Task input:

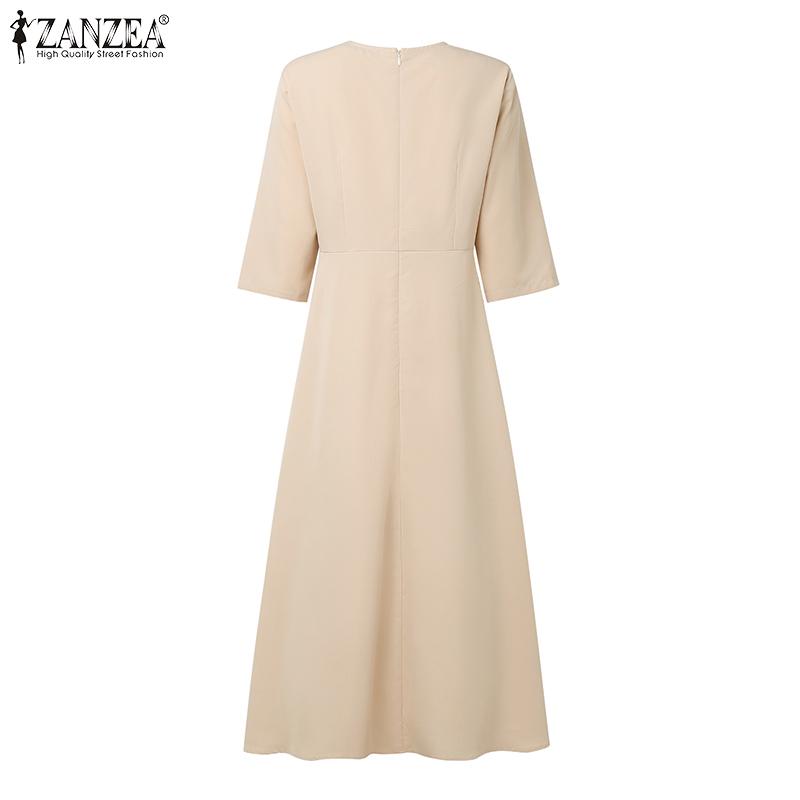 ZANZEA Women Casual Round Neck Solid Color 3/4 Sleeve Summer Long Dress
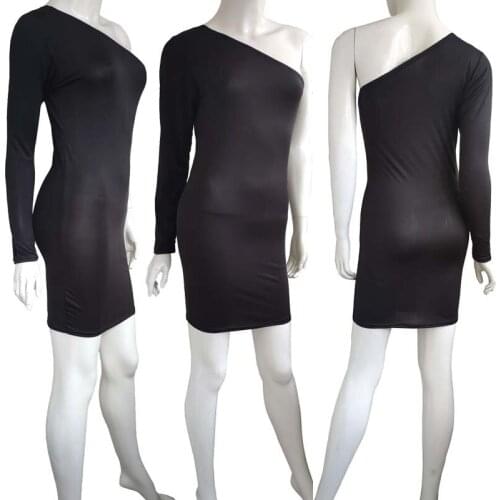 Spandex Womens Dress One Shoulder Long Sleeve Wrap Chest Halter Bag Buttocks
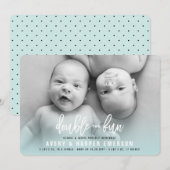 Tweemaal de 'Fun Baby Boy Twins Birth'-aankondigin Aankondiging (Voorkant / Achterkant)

==

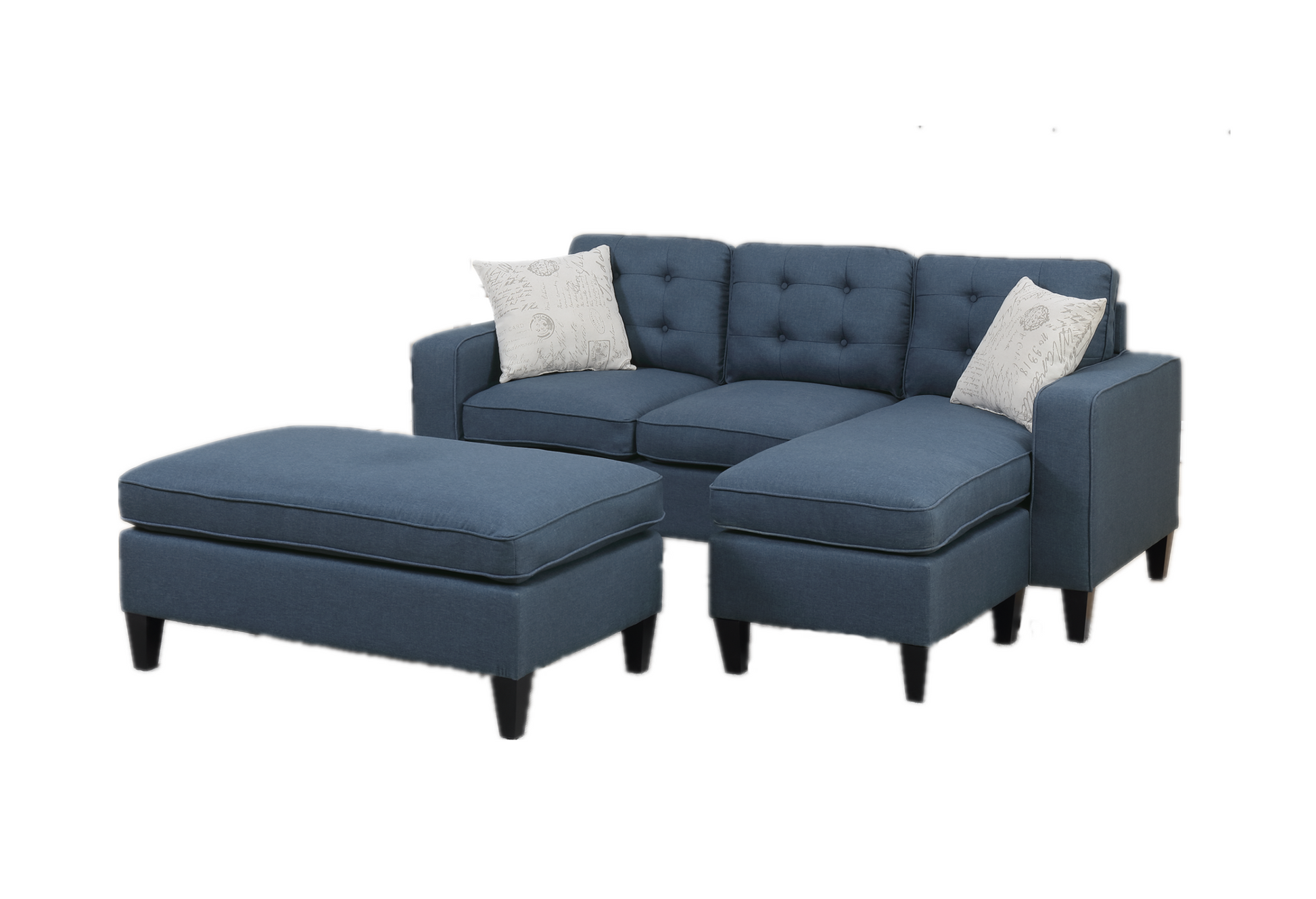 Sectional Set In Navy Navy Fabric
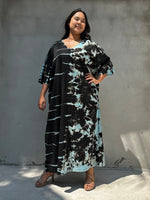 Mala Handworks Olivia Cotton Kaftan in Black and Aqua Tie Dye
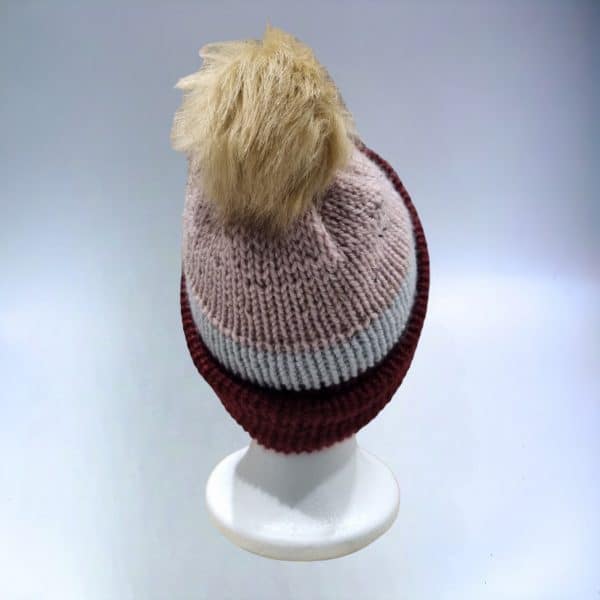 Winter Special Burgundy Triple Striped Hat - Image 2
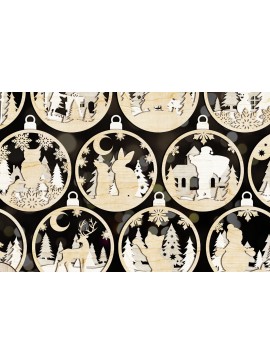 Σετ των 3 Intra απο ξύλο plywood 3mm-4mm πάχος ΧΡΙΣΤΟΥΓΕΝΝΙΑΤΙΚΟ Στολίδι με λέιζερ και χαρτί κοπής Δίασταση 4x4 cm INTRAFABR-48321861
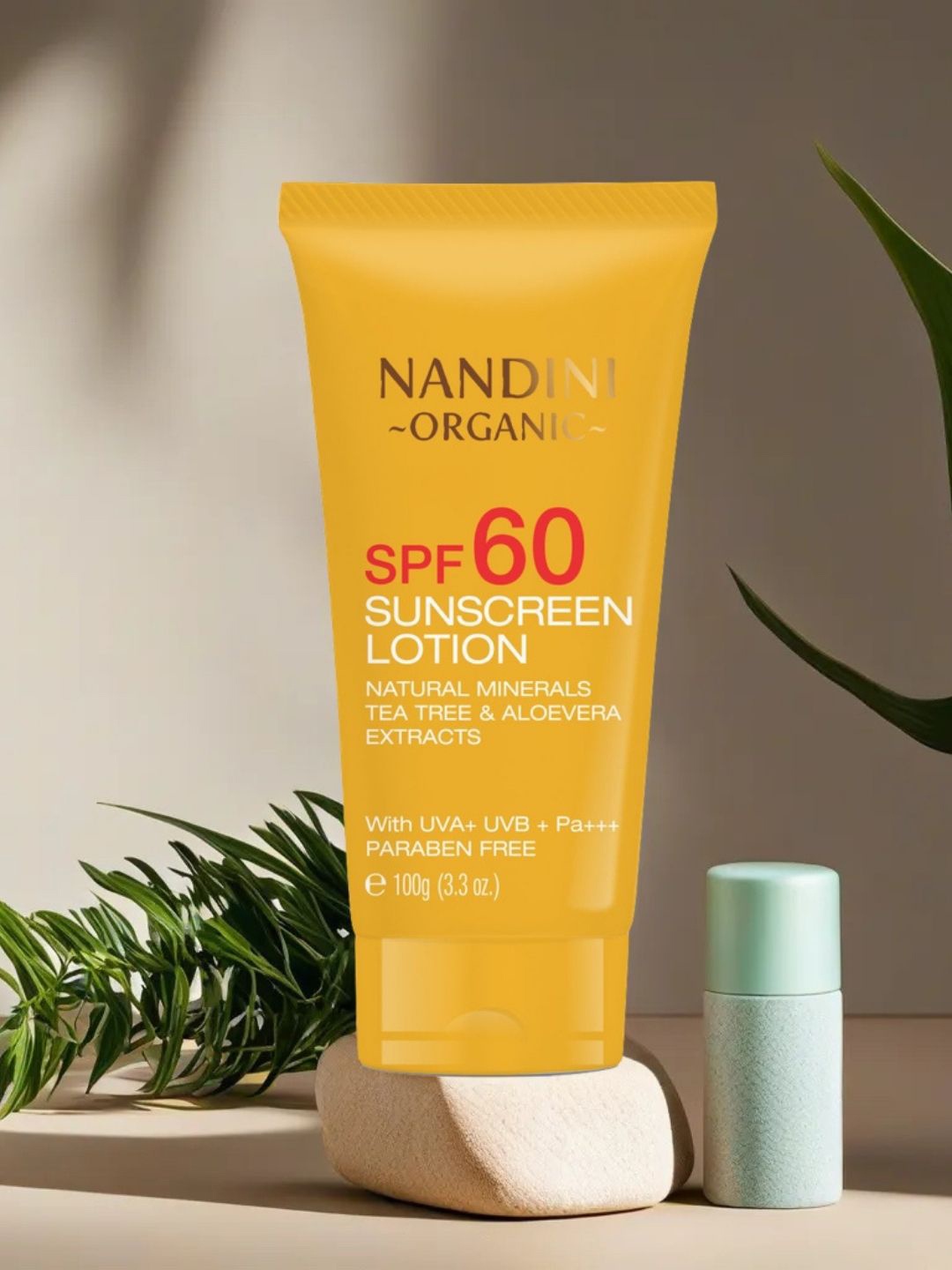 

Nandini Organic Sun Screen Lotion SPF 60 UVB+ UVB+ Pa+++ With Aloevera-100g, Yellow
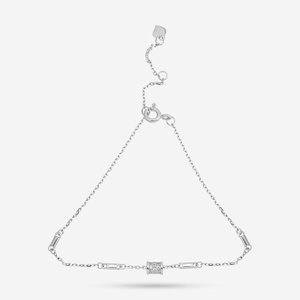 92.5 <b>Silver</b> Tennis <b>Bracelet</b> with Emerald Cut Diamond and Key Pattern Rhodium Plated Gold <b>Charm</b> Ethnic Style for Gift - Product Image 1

Problem description: From the material above, give again exactly the lines from the one that contains "Winter Special Burgundy" through the one that contains "92.5 <b>Silver</b> Tennis", and leave out the pictures.

Result of this task:
 Winter Special Burgundy Triple Striped Hat - Image 2
 Σετ των 3 Intra απο ξύλο plywood 3mm-4mm πάχος ΧΡΙΣΤΟΥΓΕΝΝΙΑΤΙΚΟ Στολίδι με λέιζερ και χαρτί κοπής Δίασταση 4x4 cm INTRAFABR-48321861

Nandini Organic Sun Screen Lotion SPF 60 UVB+ UVB+ Pa+++ With Aloevera-100g, Yellow
 92.5 <b>Silver</b> Tennis <b>Bracelet</b> with Emerald Cut Diamond and Key Pattern Rhodium Plated Gold <b>Charm</b> Ethnic Style for Gift - Product Image 1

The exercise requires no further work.